VELİLER, OKULDAN BEKLENTİNİZİ DEĞİŞTİRİN
Okulun amacı, çağın gerektirdiği donanımlara sahip insan
yetiştirmektir. Zaman içinde ülkemizde çok büyük değişiklikler yaşanmış
ve insanların ihtiyaç duyduğu şeyler farklılaşmıştır. Ancak
velilerimizin okullardan beklentisi hiç değişmemiştir. Günümüzde
veliler, geçmişte olduğu gibi okullardan
çocuklarına sadece bilgi kazandırmasını beklemektedirler. Buna paralel
olarak da okullar, kırk elli yıl öncesine benzer şekilde çalışmaya
deva etmektedir.
Ortada büyük bir yanlış vardır. Şimdi
sizlere bu konuyu bir okulun öğrencilere kazandırması gereken üç temel
şey; bilgi, beceri ve değer bağlamında izah edeceğim.
Bundan
kırk elli yıl önce bilgi kaynaklarının sınırlı olduğu bir dönemdi. Tek
bilgi kaynağı neredeyse öğretmendi. Toplumun bilgilendirilmeye ihtiyacı
vardı. Okula gelen çocuk bilgisiz geliyordu. Okullar, öğrencilere bilgi
vermeye odaklanmıştı. Yani okulun temel rolü “bilgi kazandırmak” tı.
O dönemde çocukların yaşamış olduğu sosyal çevre genişti. Kırsal nüfus
fazlaydı. Kentsel nüfusun çoğu ise çocukluğunu kırsalda geçirmiş, yeni
göç etmiş ailelerdi. Çocuklar, yaşamış oldukları çevrede küçük yaştan
itibaren ailenin çalışmalarına katılıyor, sorumluluk alıyor ve her
türlü beceriyi kazanıyorlardı.
Yine bu çocuklar çevreninin onlara sunduğu yaşantı zenginliği sayesinde birçok değeri kazanmış olarak okula başlıyordu.
Beceri ve değer açısından donanımlı çocuklara okulun vereceği şey,
bilgi idi ve okul bunu yerine getirmeye çalışıyordu. Çocuklar sosyal ve
duygusal açıdan zaten çevre tarafından yetiştirildiği için okulda bu rol
doğal olarak arka planda kalıyordu.
Aradan elli yıl geçti.
Teknolojik gelişmelerin getirdiği imkânlarla çocuklar küçük yaştan
itibaren birçok bilgi kaynağına ulaşıyor. Anne, babaların eğitim düzeyi
yükseldi ve kendileri birer bilgi kaynağına dönüştü. Televizyonlar
özellikle eğitici çizgi filimler, belgeseller, okul kanalları bilgi
yayıyor.

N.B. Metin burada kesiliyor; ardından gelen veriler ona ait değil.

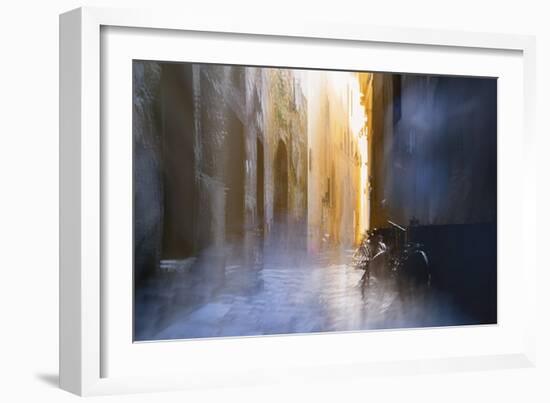 After the Rain-Valda Bailey-Framed Photographic Print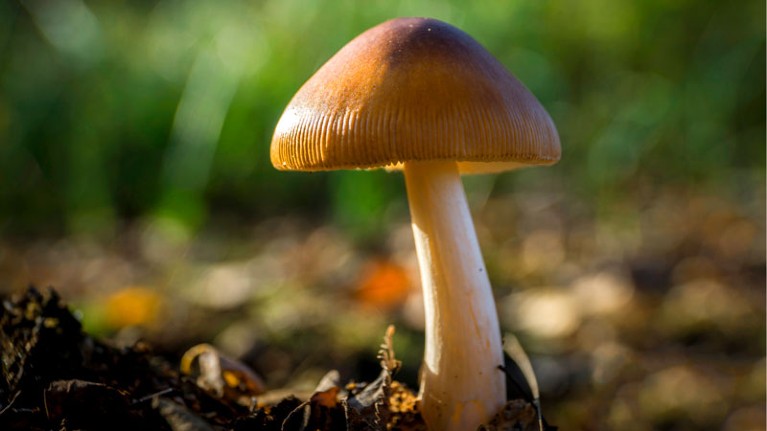 Germany, North Rhine-Westphalia, Hille, Grosses Torfmoor, Psilocybe azurescens mushroom.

Bilgisayarlar, uzaktan eğitim portalları, arama motorları,
dijital veri kaynakları vs. istenilen her bilgiye anında ulaşılabiliyor.
Peki madem “bilgi edinme” konusunda bu kadar önemli bir
değişiklik yaşandı hâlâ okulların temel rolünün “bilgi kazandırma”
olması doğru mu?
Yazımın başında belirttiğim üzere okul,
toplumsal ihtiyaçları karşılamalıdır. Yani çağın koşullarında bireyin ve
toplumun neye ihtiyacı varsa onu kazandırmaya odaklanmalıdır. Dün azami
düzeyde bilgiye ihtiyaç vardı ama bu gün o kadar yok. Öyleyse okulların
rolünde bir değişiklik gerekli değil mi?
Okulun yeni rolü ne olmalı?
Artık nüfusunuzun büyük kısmı kentlerde doğup büyüyor ve yaşamları çekirdek aile içinde geçiyor. Bunun sonucunda;
1. Çocukların yeterli hareket alanı ve aktivitesi olmadığı için fiziksel açıdan yeterli gelişemediğini,
2. Geniş çevresi olmadığı için sosyal açısından yeterli gelişemediğini,
3. Yaşantı zenginliği olmadığı için duygusal açıdan yeterli gelişemediğini görüyoruz.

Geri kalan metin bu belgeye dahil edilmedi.